Yes, you can just use a cable and RAID some hard drives. However, for drive consistency RAID from your bios/motherboard is the way to go, rather than a software based array from the OS. That's the key to figure out your limitations. If you have to use OS based raid support just keep a live/recovery disk around to get you out of a jam with your bootloader if the disk that is primarily used and has a bootloader fails.

[–] 1 pt

Drives are cheap, flash drives are fast, so most home users do not need the complication of a raid. If you want to dabble to learn, get a cheap card and play with 0, 1, 3, 5, 1+0 etc. Personally JBOD works great with a rsync script.

[–] 1 pt
[–] 1 pt

the kid in me wants RAID 10, RAID 1 (I believe, mirroring 2 disks) would be sufficient.

[–] 1 pt

You shouldn't view a mirrored drive as a reliable backup, mirroring is generally for redundancy and maintaining uptime. Keeping a drive constantly mirrored puts it thru more read and write cycles than a backup would perform making it a less reliable backup but a fallback that doesn't give you downtime when a drive fails. What's the use case? I should have actually asked that to begin w/

[–] 0 pt (edited )

basically I had an external 1TB that is 15 years old and it went on me.

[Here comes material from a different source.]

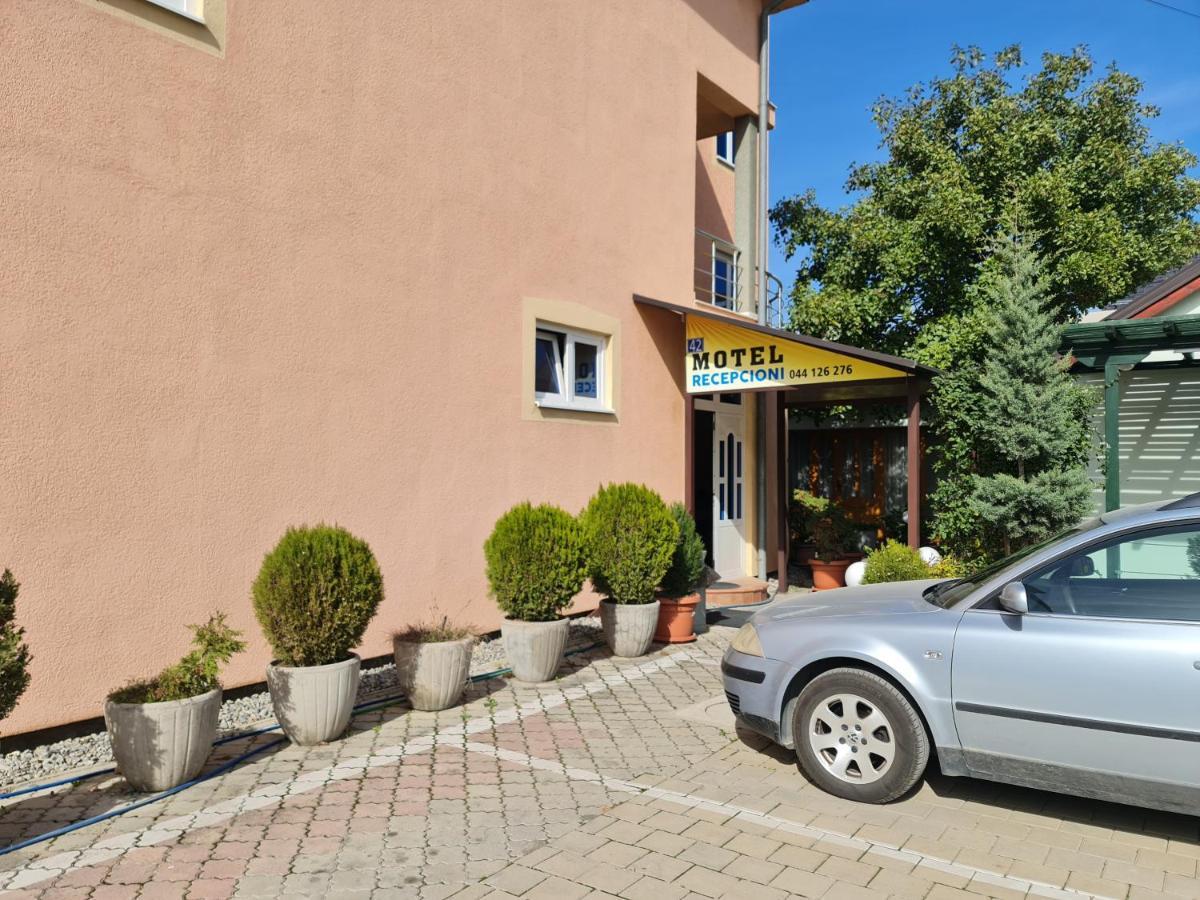 Holiday Ferizaj Exterior foto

i want something I don't have to think of. wondering if RAID 1 is the way to go, seeing is if one drive fails I have the other and can write another blank drive (i believe) with the same data. sorry i'm not of any sort of computer technical background, just a home use case.

no way I want to use the "cloud." but also do want my external dying on me again.

don't really care about backup persay, just not risking losing the data I have on hand again.

edit: people here mentioned rsync, i will look into that as well.

[–] 1 pt

You can go the RAID card route as well. Those can get expensive.